La chiusura nel proprio individualismo e il relativismo morale portano all’abbandono del perdono per la caduta verticale di consapevolezza del peccato e quindi della richiesta di riconciliazione. È la cultura dominante di derivazione radicale che influenza i comportamenti individuali, ma che a livello sociale si traduce nella chiusura alla solidarietà. E poi non possiamo pretendere che le classi dirigenti e gli amministratori pubblici abbiano una coscienza morale che è stata minata alle fondamenta. Il sociologo dell’Università Cattolica, Mauro Magatti, riflette a partire dalla lettera che il Vicario generale, monsignor Mario Delpini, ha scritto alla Diocesi per il tempo di Quaresima.

Magatti, perché in una società individualista si fa fatica a capire la necessità del perdono e della riconciliazione?

«Due le riflessioni. La prima: dare il perdono e richiederlo, e ottenerlo, presuppone l’idea che ci sia qualcosa che ha bisogno di essere emendato. Ci sono spinte culturali che arrivano a negare questa esigenza: quando il relativismo – quello che chiamo nichilismo contemporaneo – diventa radicale alla fine non c’è più bisogno di perdono, perché non c’è più nessun male da perdonare. Questo non è ancora vero di fronte a ciò che consideriamo inaccettabile come l’omicidio piuttosto che la pedofilia. Alcuni casi estremi mantengono questo carattere, tuttavia ci sono molte nostre relazioni in cui l’elemento del perdono sparisce perché si perde la coscienza morale, tutto diventa un’opzione, una possibilità, una sorta di normalità. Questa è una grave perdita».

E la seconda riflessione?

«Dall’altra parte, in realtà, questa è una cultura che per andare avanti avrebbe molto bisogno del perdono. Essendo una società di persone, tutti abbiamo consapevolezza di noi stessi, della nostra libertà, facciamo soffrire gli altri e gli altri fanno soffrire noi. La libertà capita spesso di essere causa del dolore. Quindi avremmo tutti bisogno di perdonare e di essere perdonati, anche perché molte relazioni libere possono sopravvivere proprio se si fa uso del perdono.
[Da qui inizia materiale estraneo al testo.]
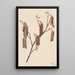 Aulne coudrier Alnus regosa - Mary Vaux Walcott — gerahmtes Bild an der Wand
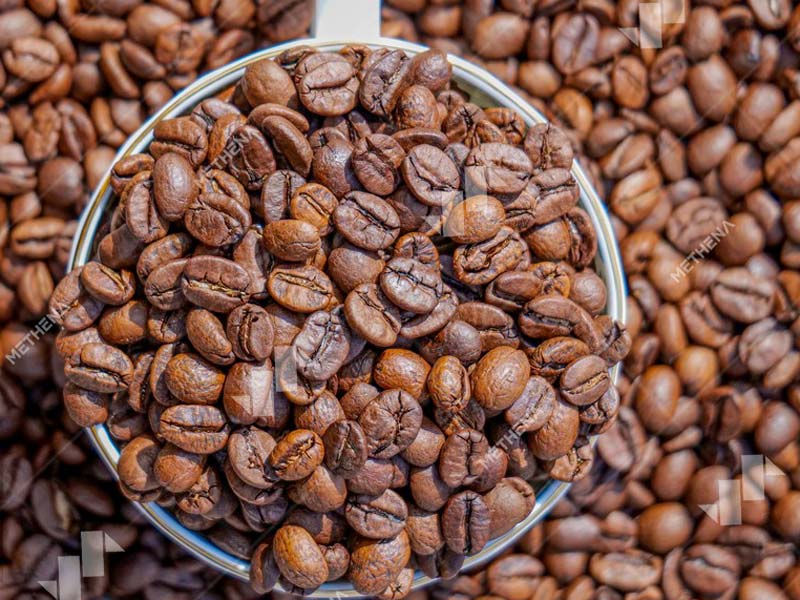 Coffee Bean.jpg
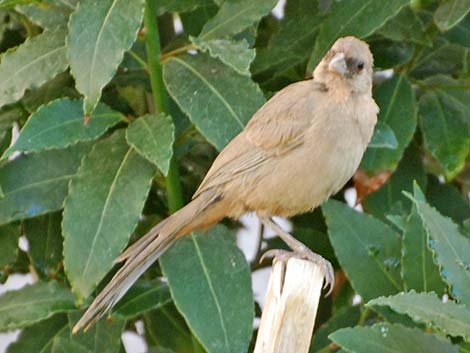 Abert's Towhee (Melozone aberti)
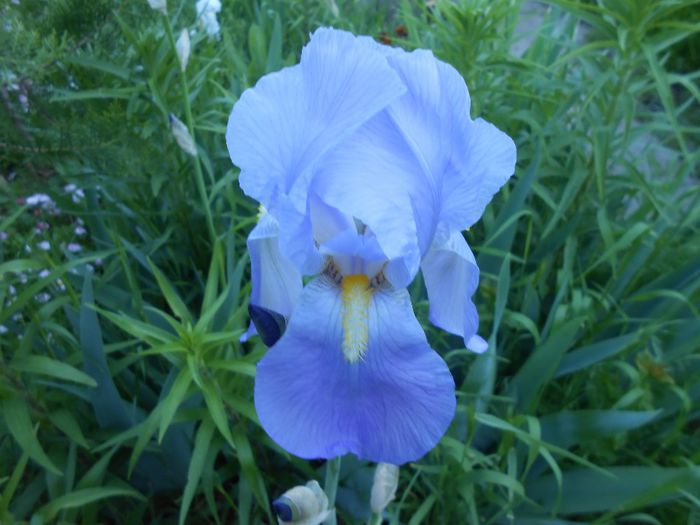 iris - yyy 2014 gradina mea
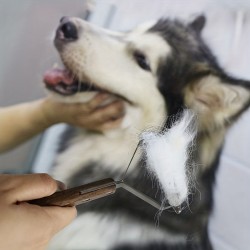 Walnut Wood Dog Comb Knot Floating Hair Removal Dog and Cat Cleaning Teddy Bear Golden Hair Special Comb Tool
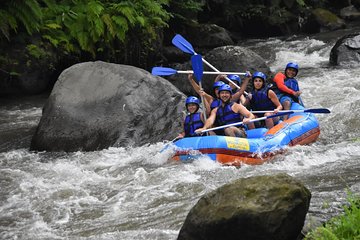 Bali Rafting with Lunch and Transport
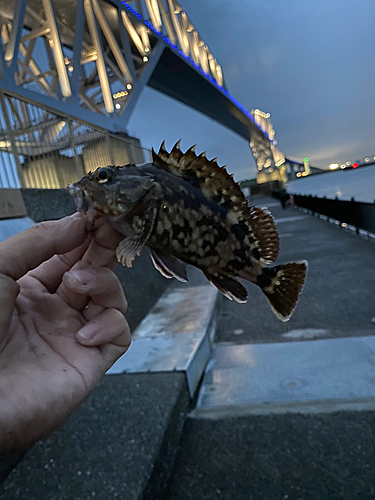 カサゴの釣果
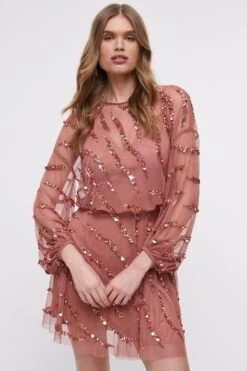 Coast Hand Embellished Mini Dress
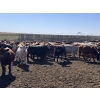 Image 4 : Westview Feeders - 870# Sept/Oct Delivery Heifers - 140 Head (Monarch, AB)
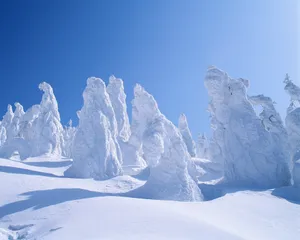 美丽风景图片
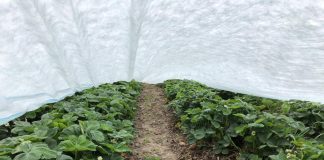 Przymrozki – jak zabezpieczać rośliny w nadchodzącym tygodniu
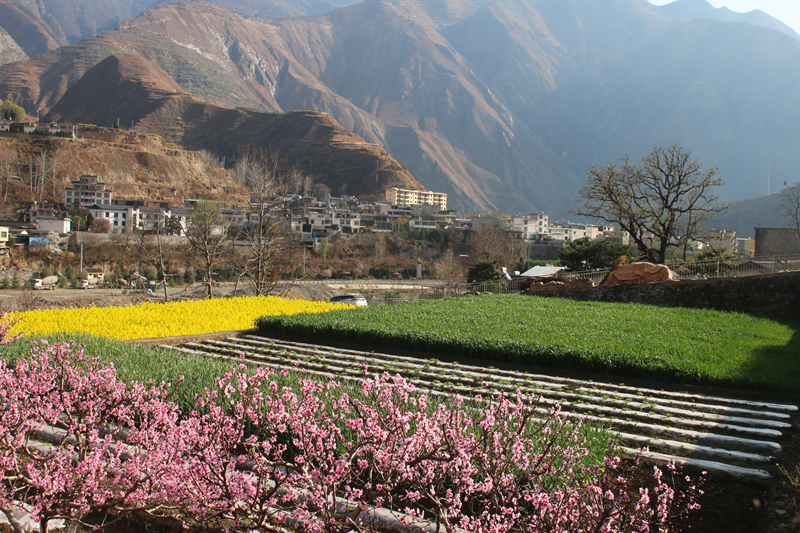 油菜花田景色美 文县春耕农事忙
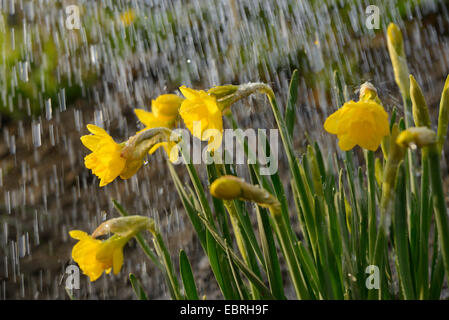 Narzisse (Narcissus spec.), im Regen Stockfoto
Saper perdonare e chiedere perdono, e quindi accettare anche l’altro, è un antidoto fondamentale».

Monsignor Delpini scrive che «il digiuno gradito a Dio è operare la giustizia e soccorrere i bisognosi». Quindi una riproposizione della dimensione della giustizia e della solidarietà…
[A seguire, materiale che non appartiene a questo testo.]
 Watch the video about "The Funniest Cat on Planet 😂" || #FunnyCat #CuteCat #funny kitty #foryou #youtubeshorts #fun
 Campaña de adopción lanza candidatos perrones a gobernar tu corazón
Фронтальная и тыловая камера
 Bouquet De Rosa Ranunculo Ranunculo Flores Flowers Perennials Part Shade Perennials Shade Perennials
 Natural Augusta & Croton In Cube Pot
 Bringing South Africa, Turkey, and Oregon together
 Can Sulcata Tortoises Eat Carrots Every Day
«Quello che dicevo riguarda il piano interpersonale, ma la stessa difficoltà e urgenza del perdono la si può vedere anche sul piano sociale. Non è un caso che ci troviamo con una società ingiusta, poco attenta ai bisognosi, che si richiude in se stessa. Laddove il senso morale si restringe è chiaro che anche la somma di tutti i comportamenti individualistici in modo radicale porta alla perdita di un senso morale più alto (il rapporto con Dio, con la creazione e così via), ma anche alla perdita della solidarietà sociale. I due aspetti sono strettamente correlati: relazioni più fragili, instabili e indifferenti producono una società meno solidale e diseguale».
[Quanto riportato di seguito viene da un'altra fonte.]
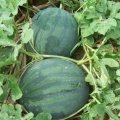 昌乐尧沟毛新杰10月花皮无籽西瓜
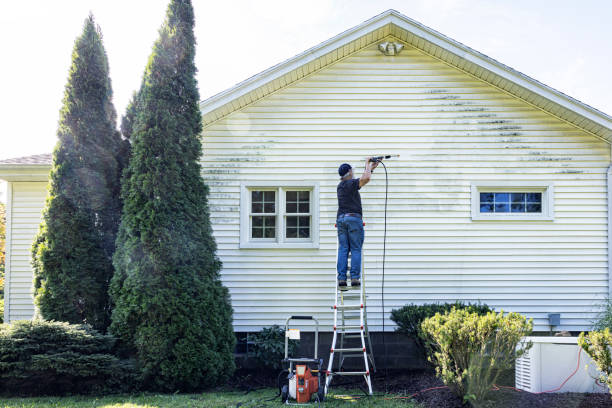 Best Building Exterior Washing  in Springville, NY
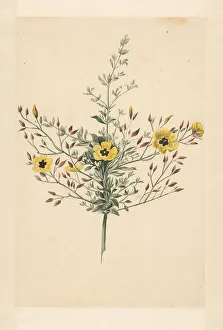Sky rose, 1668-1729. Creator: Vincent Laurentz van der Vinne I
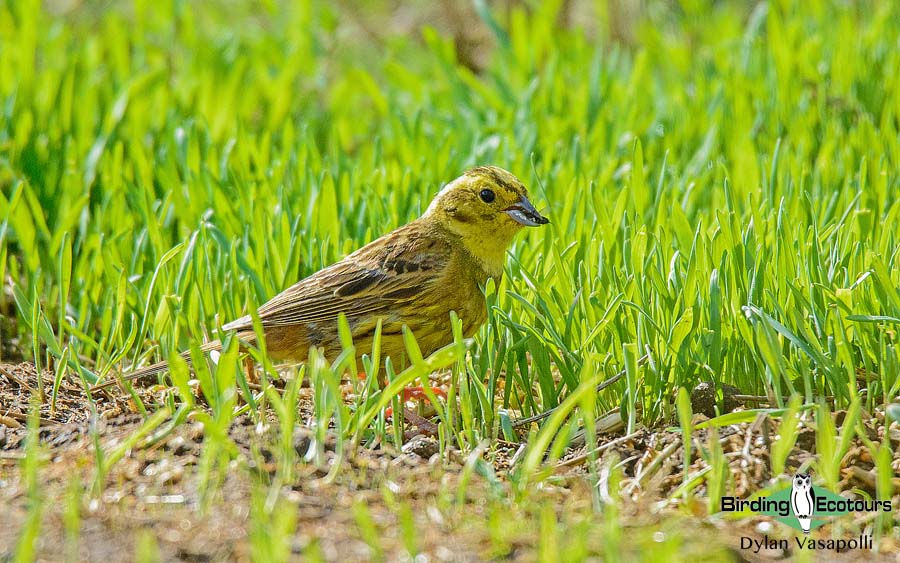 Common farmland birds of the United Kingdom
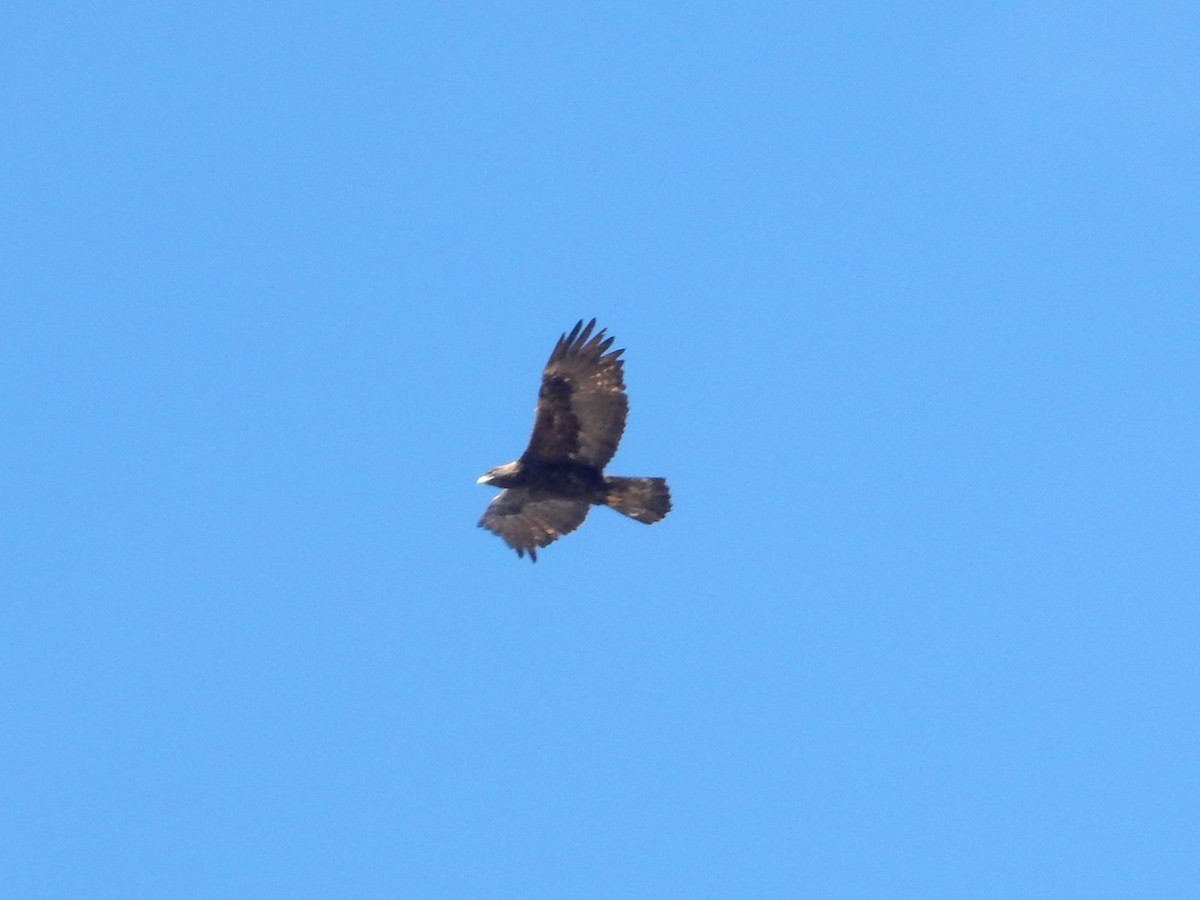 Golden Eagle - ML644253863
Un altro aspetto che emerge dalla lettera è la richiesta di pentimento a chi sfrutta il lavoro altrui, chi sperpera il denaro pubblico, chi cerca un ingiusto vantaggio personale nell’esercizio di un servizio alla comunità. Quindi in Quaresima la Chiesa ambrosiana rilancia il tema della moralità, dell’etica pubblica, coglie i segni di questi tempi che pongono all’attenzione dell’opinione pubblica esempi diversi…

«In questo momento tutti vediamo l’urgenza di questo richiamo per i tanti comportamenti non solo di amministratori pubblici, ma anche di classe dirigente in generale. Non dimentichiamo infatti che ci sono molti scandali che coinvolgono diversi ambienti. Quello che spesso viene sottovalutato, non colto, rimosso, è che c’è una continuità fra un contesto culturale di fondo, un individualismo diffuso o l’indebolimento del senso morale, e questa crisi delle classi dirigenti e degli amministratori pubblici. È naturalmente più grave che un amministratore pubblico usi in maniera distorta le risorse di tutti, ma in un certo senso esprime su quel piano la cultura dominante di perdita del senso morale. Giustamente ci scandalizziamo dell’amministratore pubblico, ma è difficile averne retti quando la cultura in cui viviamo non è più retta. Possiamo sempre augurarcelo, però diventa oggettivamente difficile».